Non solo endorsement pro causa, ma impegno attivo. Che la comunicazione aiuti il non profit a innovare il linguaggio
A Cinzia fa coro Simonetta Gola, Chief Communication Emergency ONG, che cita una case come Patagonia per coerenza tra brand e causa sostenuta, mentre troppo spesso l’impressione è che le aziende si appoggino alla reputazione e alla causa senza fare battaglia insieme. In questo senso, tra i diversi progetti analizzati, la campagna di un do-it-yourself tedesco, contro il nazismo ha fatto breccia puntando su un personaggio che da una decina d’anni rimuove i simboli del nazismo usando spray, raschietti e altri prodotti della catena. In un paese dove il 20% della popolazione si schiera con l’estrema destra è una scelta di posizionamento che può avere dei costi, ma è solo così che si fanno le battaglie. Non basta l’endorsement, occorre portare avanti le cause direttamente. “Le realtà di comunicazione devono aiutare noi del non profit sia da un punto di vista tecnico, sicuramente con delle sponsorizzazioni, ma anche a farci uscire da una comunicazione ripetitiva, stereotipata. Occorre rinnovare il linguaggio con proposte più coraggiose, evitando di creare lo stereotipo delle persone che vogliamo aiutare, perché sarebbe altrettanto dannoso che non parlarne.
Comunicazione e contenuti, una questione etica?

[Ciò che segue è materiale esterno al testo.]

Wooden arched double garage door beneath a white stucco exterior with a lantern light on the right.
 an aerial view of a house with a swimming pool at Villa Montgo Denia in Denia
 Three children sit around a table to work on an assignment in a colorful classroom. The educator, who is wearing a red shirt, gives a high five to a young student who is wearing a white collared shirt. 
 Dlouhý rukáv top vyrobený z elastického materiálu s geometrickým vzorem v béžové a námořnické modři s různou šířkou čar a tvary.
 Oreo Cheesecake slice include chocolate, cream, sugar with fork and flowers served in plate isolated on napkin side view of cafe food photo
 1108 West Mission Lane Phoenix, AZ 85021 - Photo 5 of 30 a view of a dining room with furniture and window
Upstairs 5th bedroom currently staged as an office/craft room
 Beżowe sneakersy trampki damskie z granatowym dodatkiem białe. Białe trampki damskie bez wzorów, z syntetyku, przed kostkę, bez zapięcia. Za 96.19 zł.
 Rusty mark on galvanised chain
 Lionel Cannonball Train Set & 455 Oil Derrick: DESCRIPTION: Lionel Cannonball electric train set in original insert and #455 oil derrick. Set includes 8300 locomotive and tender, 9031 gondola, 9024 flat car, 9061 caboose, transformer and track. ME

Carla Leveratto, Creative & Content Lead Google, l’ultima domanda è per te che ti occupi di creatività e di contenuti, ma i marketer, le piattaforme, e chiunque crei contenuti, insomma tutti, non si devono iniziare a porre una questione etica circa ai concetti che comunicano ai giovani? Insomma, che tipo di cultura e di società stiamo creando per loro con i contenuti che proponiamo? “Sicuramente abbiamo un ruolo importante, una responsabilità, specialmente verso i giovani, che sono fortemente influenzabili. Se pensiamo alla quantità anche di messaggi pubblicitari con i quali vengono bombardati è naturale chiedere ai brand di non pensare solo a vendere prodotti, ma anche a comunicare valori e stili di vita, avendo impatto sociale. Per questo tra le diverse campagne viste da questa giuria cito quella di Second Chance, website francese per l’adozione di cani. L’insight: quelli neri vengono adottati molto di meno, restano quattro volte di tempo in più nei canili. Quindi? Si è intercettato il fenomeno fandom di Taylor Swift, che ha fatto la canzone del Black Dog. Si sono cambiati i nomi degli 836 cani adottabili, di colore nero, mettendo loro il nome della cantante e chiedendo alla fandom, alle Swifties, di dare una mano per adottarli. Il tutto riscuotendo un successo senza precedenti e soprattutto avendo coinvolto i giovani, ingaggiati anche sotto il profilo valoriale ed etico”.